=== ABOUT THIS EXERCISE ===
Output all of the listing below, leaving every line unchanged.

=== EXCERPTED DATA ===
++++++++++++++++++++
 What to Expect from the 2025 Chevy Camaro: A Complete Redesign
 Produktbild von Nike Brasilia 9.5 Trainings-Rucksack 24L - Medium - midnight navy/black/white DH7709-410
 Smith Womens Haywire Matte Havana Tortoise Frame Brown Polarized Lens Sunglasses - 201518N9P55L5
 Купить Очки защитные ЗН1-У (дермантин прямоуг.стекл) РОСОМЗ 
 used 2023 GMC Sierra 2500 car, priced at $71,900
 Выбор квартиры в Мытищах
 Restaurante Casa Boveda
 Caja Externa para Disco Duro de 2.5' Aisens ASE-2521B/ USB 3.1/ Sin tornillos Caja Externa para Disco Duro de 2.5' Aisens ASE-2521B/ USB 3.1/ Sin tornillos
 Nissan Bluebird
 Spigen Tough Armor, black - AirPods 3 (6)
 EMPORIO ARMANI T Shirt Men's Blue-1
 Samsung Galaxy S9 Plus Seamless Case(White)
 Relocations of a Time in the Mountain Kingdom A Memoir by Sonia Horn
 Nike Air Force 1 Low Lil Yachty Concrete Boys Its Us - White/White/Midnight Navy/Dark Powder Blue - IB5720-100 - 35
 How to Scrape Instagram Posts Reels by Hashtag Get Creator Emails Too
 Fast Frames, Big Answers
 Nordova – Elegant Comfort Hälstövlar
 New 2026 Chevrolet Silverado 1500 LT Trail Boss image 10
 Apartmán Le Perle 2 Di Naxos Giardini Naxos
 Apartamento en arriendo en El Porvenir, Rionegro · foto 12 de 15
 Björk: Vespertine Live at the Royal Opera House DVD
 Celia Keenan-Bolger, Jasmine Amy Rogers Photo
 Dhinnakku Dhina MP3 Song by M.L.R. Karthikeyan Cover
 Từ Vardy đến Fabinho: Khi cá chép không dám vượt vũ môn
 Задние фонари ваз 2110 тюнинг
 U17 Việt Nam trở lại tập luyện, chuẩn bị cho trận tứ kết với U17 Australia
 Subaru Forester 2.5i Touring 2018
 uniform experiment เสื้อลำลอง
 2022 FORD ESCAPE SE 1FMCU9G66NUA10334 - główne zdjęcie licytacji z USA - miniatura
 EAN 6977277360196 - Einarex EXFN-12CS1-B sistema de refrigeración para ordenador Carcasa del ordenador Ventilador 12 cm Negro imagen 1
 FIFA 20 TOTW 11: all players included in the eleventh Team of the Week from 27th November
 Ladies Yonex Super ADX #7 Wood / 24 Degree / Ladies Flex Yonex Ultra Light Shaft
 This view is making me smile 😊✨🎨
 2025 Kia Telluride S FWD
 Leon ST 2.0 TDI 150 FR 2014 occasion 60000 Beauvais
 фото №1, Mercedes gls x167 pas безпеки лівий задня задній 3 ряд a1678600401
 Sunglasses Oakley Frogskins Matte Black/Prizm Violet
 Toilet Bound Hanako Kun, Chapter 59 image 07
++++++++++++++++++++
=== WRITTEN SOLUTION ===
 What to Expect from the 2025 Chevy Camaro: A Complete Redesign
 Produktbild von Nike Brasilia 9.5 Trainings-Rucksack 24L - Medium - midnight navy/black/white DH7709-410
 Smith Womens Haywire Matte Havana Tortoise Frame Brown Polarized Lens Sunglasses - 201518N9P55L5
 Купить Очки защитные ЗН1-У (дермантин прямоуг.стекл) РОСОМЗ 
 used 2023 GMC Sierra 2500 car, priced at $71,900
 Выбор квартиры в Мытищах
 Restaurante Casa Boveda
 Caja Externa para Disco Duro de 2.5' Aisens ASE-2521B/ USB 3.1/ Sin tornillos Caja Externa para Disco Duro de 2.5' Aisens ASE-2521B/ USB 3.1/ Sin tornillos
 Nissan Bluebird
 Spigen Tough Armor, black - AirPods 3 (6)
 EMPORIO ARMANI T Shirt Men's Blue-1
 Samsung Galaxy S9 Plus Seamless Case(White)
 Relocations of a Time in the Mountain Kingdom A Memoir by Sonia Horn
 Nike Air Force 1 Low Lil Yachty Concrete Boys Its Us - White/White/Midnight Navy/Dark Powder Blue - IB5720-100 - 35
 How to Scrape Instagram Posts Reels by Hashtag Get Creator Emails Too
 Fast Frames, Big Answers
 Nordova – Elegant Comfort Hälstövlar
 New 2026 Chevrolet Silverado 1500 LT Trail Boss image 10
 Apartmán Le Perle 2 Di Naxos Giardini Naxos
 Apartamento en arriendo en El Porvenir, Rionegro · foto 12 de 15
 Björk: Vespertine Live at the Royal Opera House DVD
 Celia Keenan-Bolger, Jasmine Amy Rogers Photo
 Dhinnakku Dhina MP3 Song by M.L.R. Karthikeyan Cover
 Từ Vardy đến Fabinho: Khi cá chép không dám vượt vũ môn
 Задние фонари ваз 2110 тюнинг
 U17 Việt Nam trở lại tập luyện, chuẩn bị cho trận tứ kết với U17 Australia
 Subaru Forester 2.5i Touring 2018
 uniform experiment เสื้อลำลอง
 2022 FORD ESCAPE SE 1FMCU9G66NUA10334 - główne zdjęcie licytacji z USA - miniatura
 EAN 6977277360196 - Einarex EXFN-12CS1-B sistema de refrigeración para ordenador Carcasa del ordenador Ventilador 12 cm Negro imagen 1
 FIFA 20 TOTW 11: all players included in the eleventh Team of the Week from 27th November
 Ladies Yonex Super ADX #7 Wood / 24 Degree / Ladies Flex Yonex Ultra Light Shaft
 This view is making me smile 😊✨🎨
 2025 Kia Telluride S FWD
 Leon ST 2.0 TDI 150 FR 2014 occasion 60000 Beauvais
 фото №1, Mercedes gls x167 pas безпеки лівий задня задній 3 ряд a1678600401
 Sunglasses Oakley Frogskins Matte Black/Prizm Violet
 Toilet Bound Hanako Kun, Chapter 59 image 07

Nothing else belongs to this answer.